Timeshares: A Toxic Asset?

Article written by Karen L. Brady of Karen Brady and Associates, P.C.

It appears to be hitting critical mass, the dissatisfaction of many timeshare owners who find that they are perpetually bound to pay annual association dues for a timeshare they no longer want.  If they don’t pay the dues, they get sued.  And yes, we have seen our clients get sued when they try to “walk away” from their timeshare.

There are so many people trying to get out of timeshares that the scams are abundant.  We have counseled clients who are tempted to pay thousands of dollars to companies that claim to already have a buyer for their timeshare.  In every case like that, it has turned out to be a scam.  Sometimes these companies even send you a deed showing the timeshare has been transferred.  Problem is, the “buyer” is a fictitious person.

There are a few legitimate organizations willing to accept your timeshare on behalf of a charity.  In my experience, these organizations are offered so many timeshares they are very particular about which ones they accept — and they haven’t accepted one from any of my clients yet.  We have worked for clients trying to find someone who will take their timeshare off their hands for free.  We have not been successful.

So, consider this scenario.  You have a timeshare.  You may actually be enjoying it and have no plans to sell it.  That’s great to hear.  But my question is:  What will happen to your timeshare when you die?

Your timeshare is part of your probate estate or living trust.  It will pass to your heirs or beneficiaries depending on your estate plan.  But do your heirs want it?  Will they want to pay the annual dues?  What if your heirs do not want it?  What are their choices?

We have seen recommendations to disclaim a timeshare if you inherit one you don’t want.  From the heir’s perspective that MAY work.  A disclaimer is a legal “no thanks”.  It must be executed within a limited time frame and your heirs cannot get any benefit from the asset before they disclaim it.  But a disclaimer only shrugs off the problem.  As a result of the disclaimer the asset goes to the “next person in line” to inherit.  So now that person, or your estate if it is next in line, is faced with the problem.

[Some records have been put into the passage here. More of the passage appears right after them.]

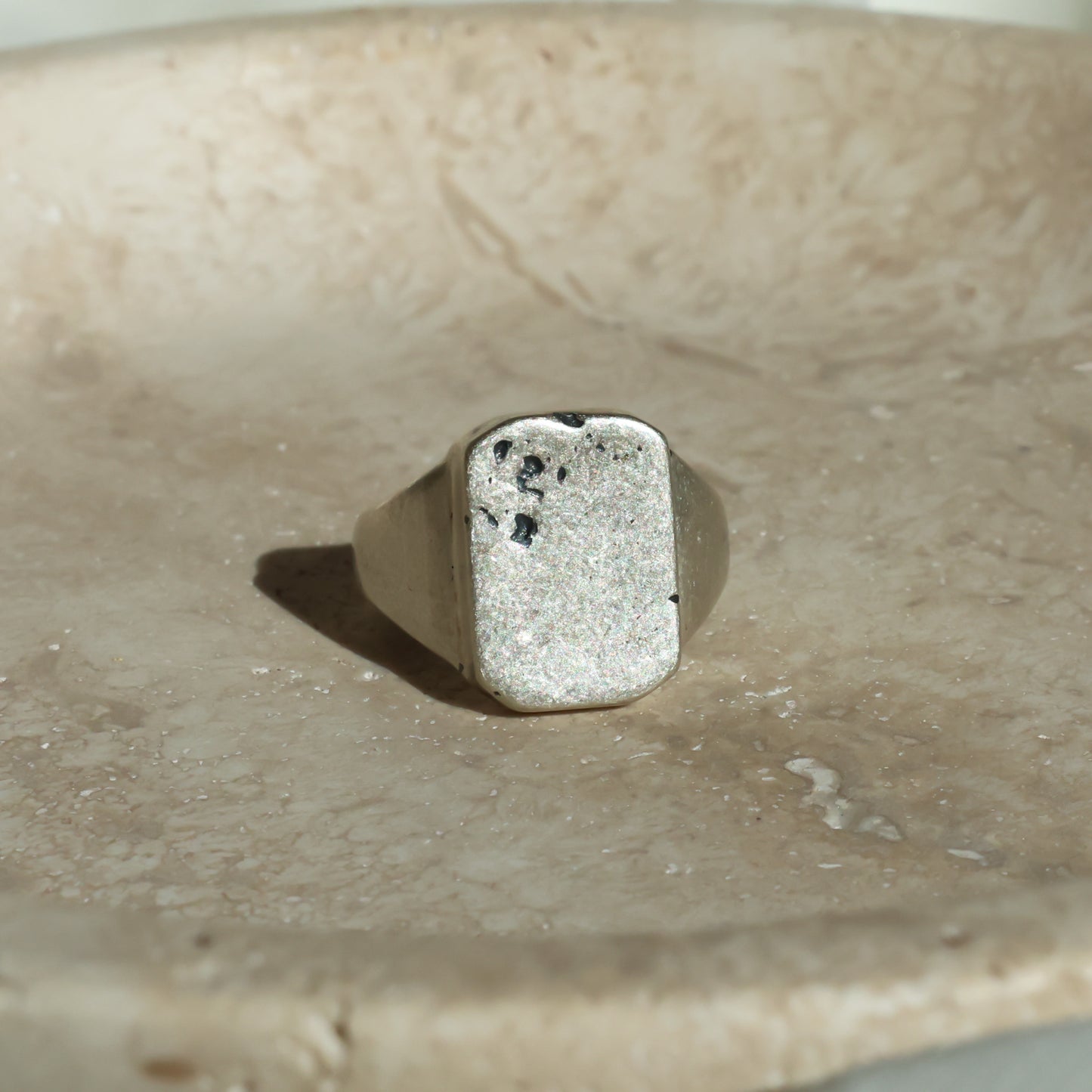 Distressed Signet Ring - Silver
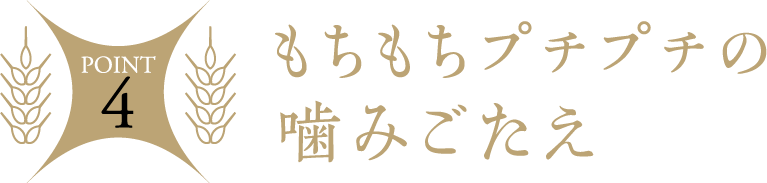 もちもちプチプチのかみ応え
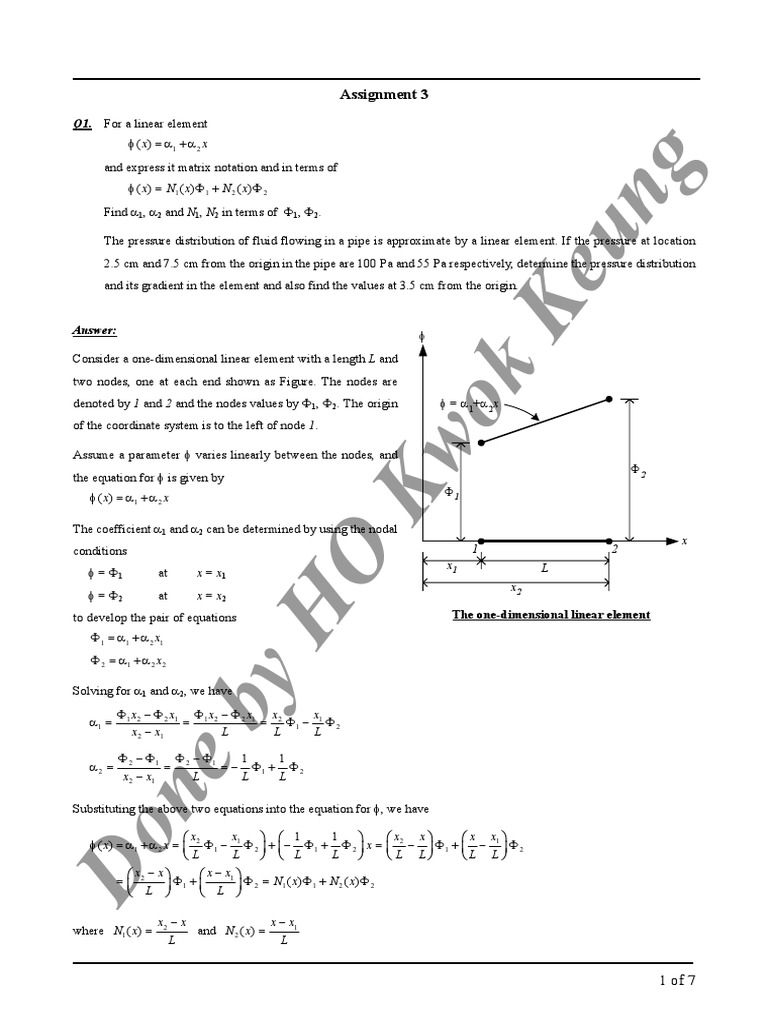 Engineering Students' FEM Guide | PDF | Matrix (Mathematics) | Finite ...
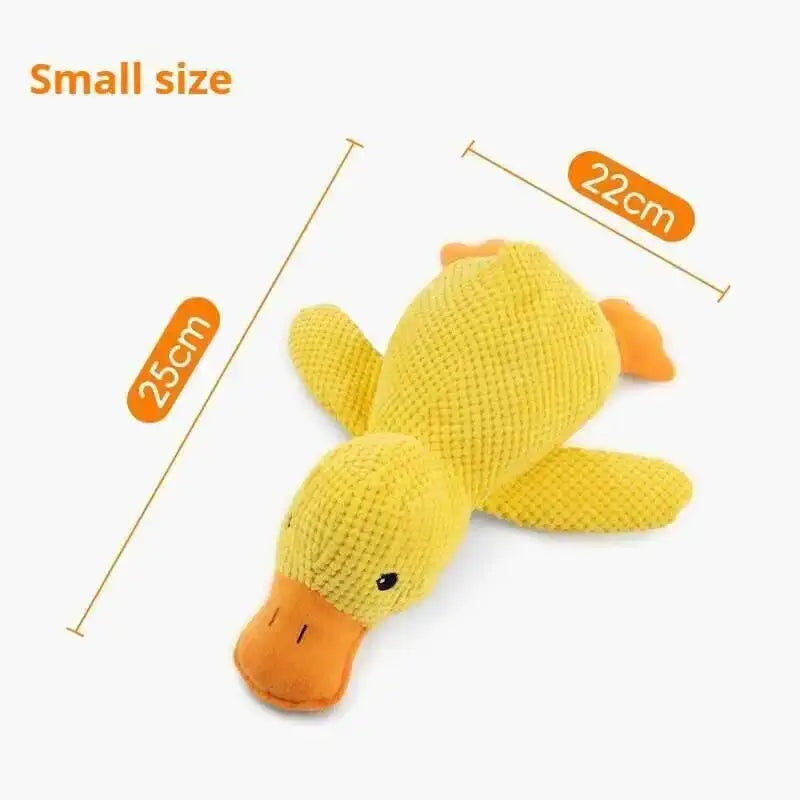 Bite Resistant Squeaky Plush Duck Dog Chew Toy For Puppies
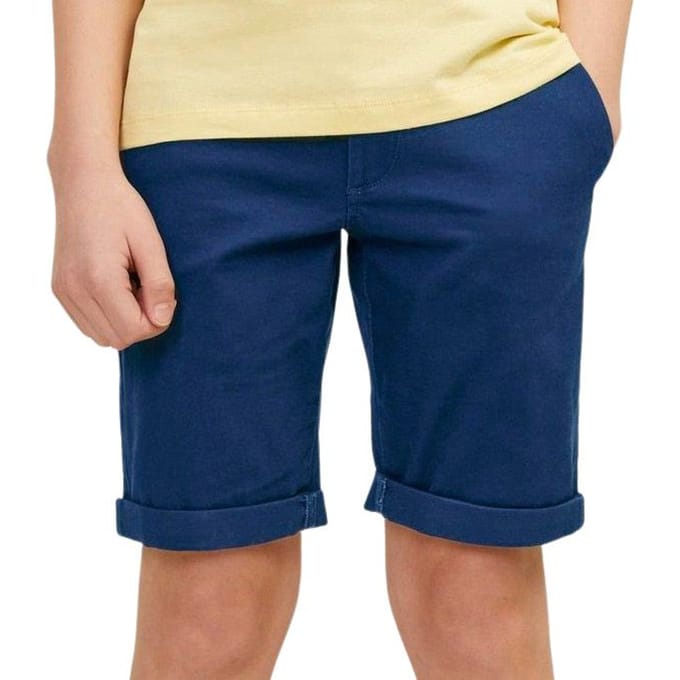 JACK & JONES JUNIOR JPSTDAVID JJCHINO SHORTS AKM SN JNR Jongens Broek - Maat 152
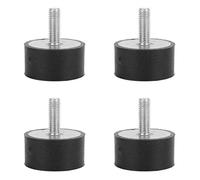 4PCS Dampening Vibration Rubber Mounts | Shock Absorber for Heavy Machinery/Automotive/Exercise Equipment | Tear Strength 14Mpa, 400% Tensile Force | VE40 Series with M8 / M10 (VE40*20 M8*23)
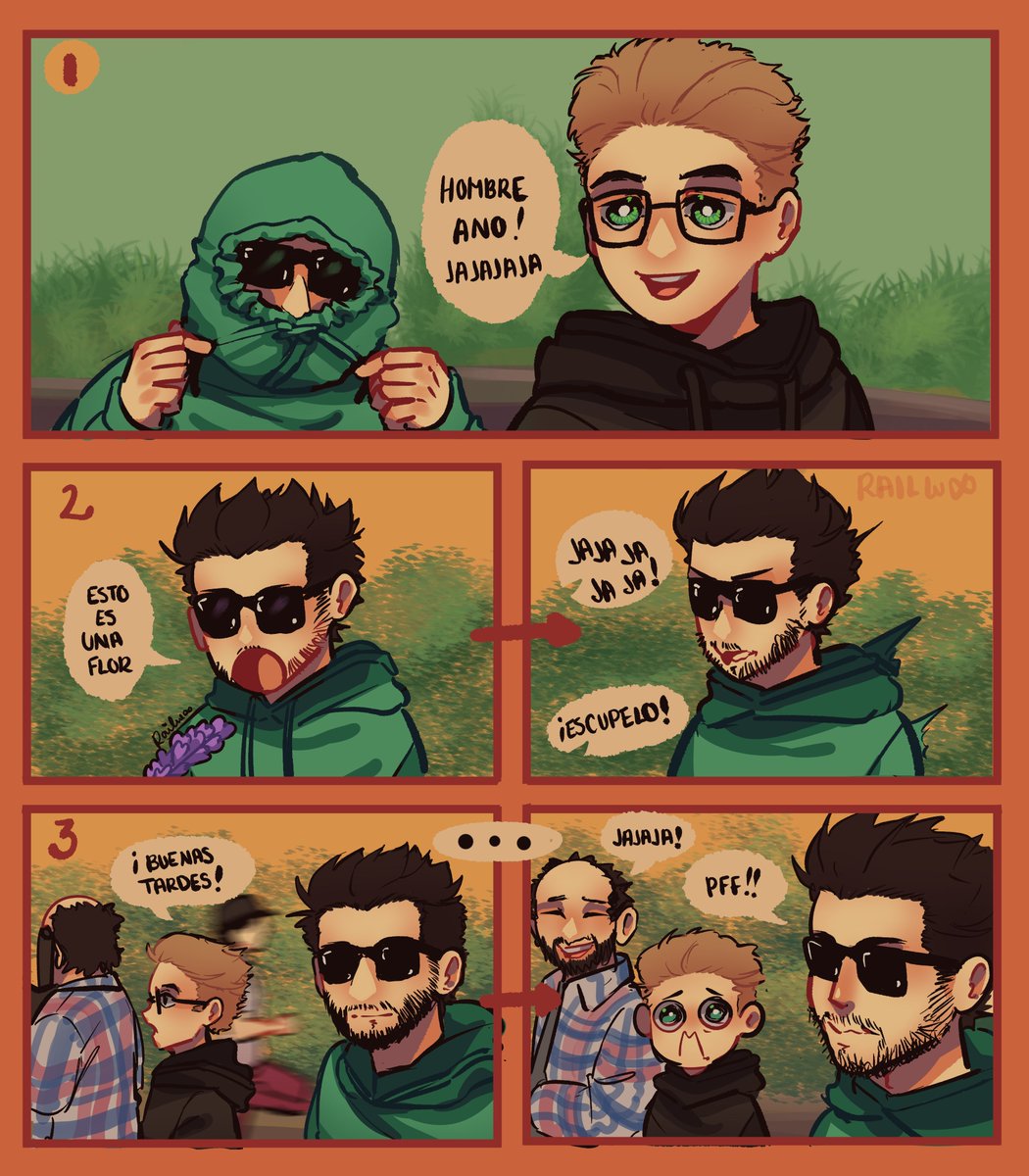 Railwoo1's tweet photo. ⛺ IRL DEL HOMBRE ANO ⛺
OKYA AJSDJAJSJASD Dibuje momentos randoms del directo <33

#Auronplayfanart #Axozerfanart #PolisPolfanart https://t.co/wyY6nhPwPF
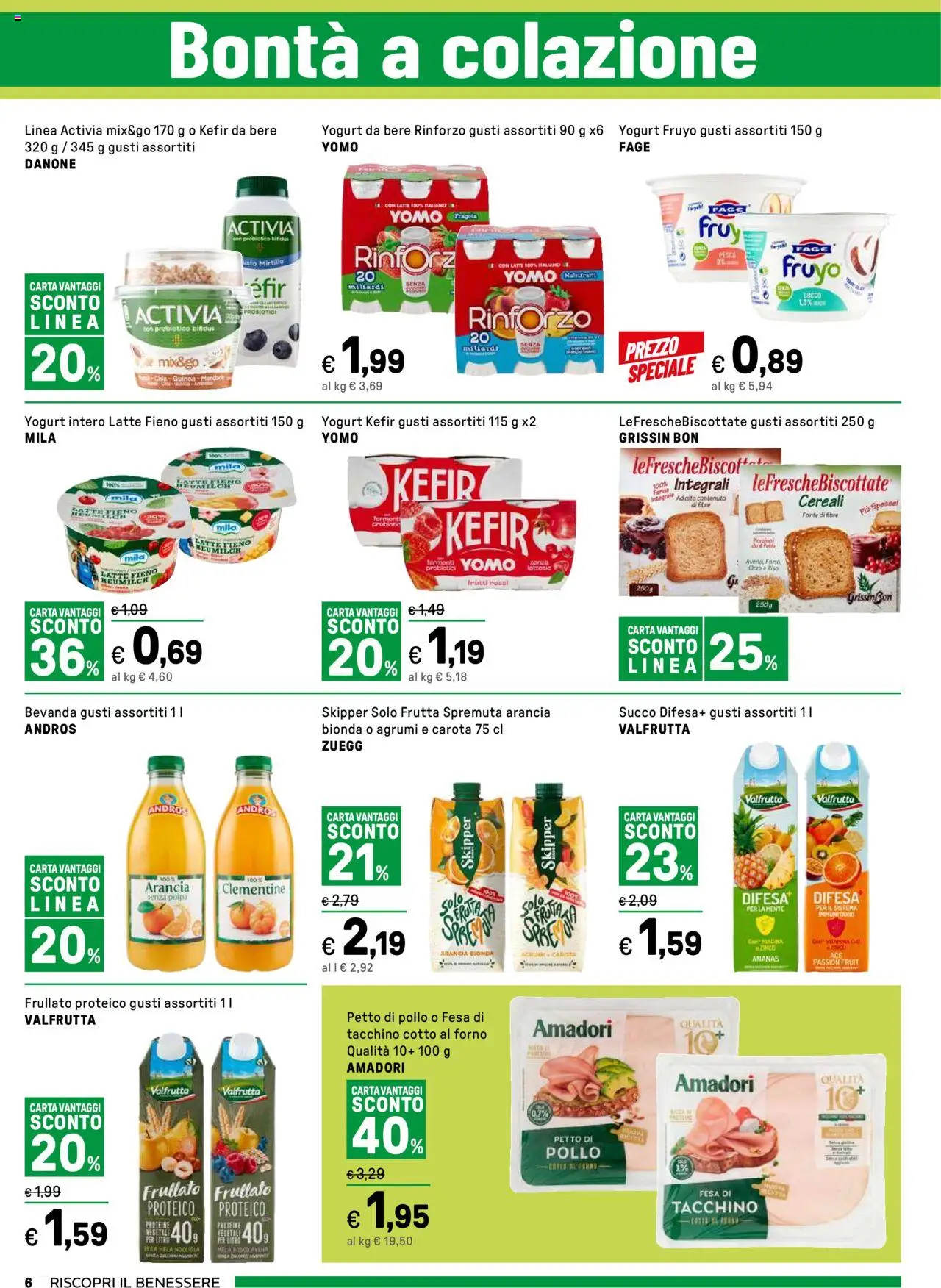 Volantino Iper del 18.08.2025 | Pagina: 5 | Prodotti: Succo, Pesca, Ananas, Cocco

Here’s an example I see far too often.  Tom and Mary have a timeshare they enjoy.  Tom and Mary also have a will leaving all of their assets to each other and then equally among their three children.  When Tom dies, Mary does not use the timeshare but she keeps paying the dues because she hopes the children will someday enjoy it.  Besides, Mary does not really know what else to do with the timeshare.  When Mary dies, none of the children want to accept the timeshare.  Sure, they can all disclaim — but that leaves the timeshare in the estate.  The homeowners association is a creditor of the estate, so the estate gets saddled with the dues until it can somehow get rid of this toxic asset, the timeshare.  So now the assets in the estate, say the house and the bank accounts, may have to be used to pay the timeshare dues until the estate can dump the timeshare somehow.  As another lawyer’s blog post correctly points out:  “If no one accepts the timeshare at the time of her death, her estate would continue to own it and it would become a liability for her estate.  If she has assets in her estate at the time of her death, the executor of her estate may have to use those assets to continue payments on the timeshare.”

So, in the long run, the kids are still saddled with the timeshare because they are the final recipients from the estate but they can’t get the valuable assets from the estate while the estate owes on the timeshare.  And, no, this result is no different if Tom and Mary used a living trust instead of a will.  So, what can Tom and Mary do?  One thing is to set up a separate trust to hold the timeshare.  It can be a revocable trust like the standard living trust.  However, the only asset this separate trust owns is the timeshare.  While Tom and Mary are alive, they use the timeshare and pay the dues as they always would.  When they are both gone, the trust can pass the timeshare on to the children.  However, if the children do decide to disclaim the timeshare, the separate trust will be liable to pay the dues of the timeshare until the trust can transfer the timeshare.  However…. the separate trust does not have any other assets.  So there will be nothing the timeshare association can attach if the dues do not get paid — except they can attach their own timeshare if they like.  The other assets are in a different trust and are not tainted by the stain of the timeshare debt.

So, if you have a timeshare, give some serious thought to whether it will be an albatross for those you leave behind.  And contact your estate planning attorney to talk about your choices.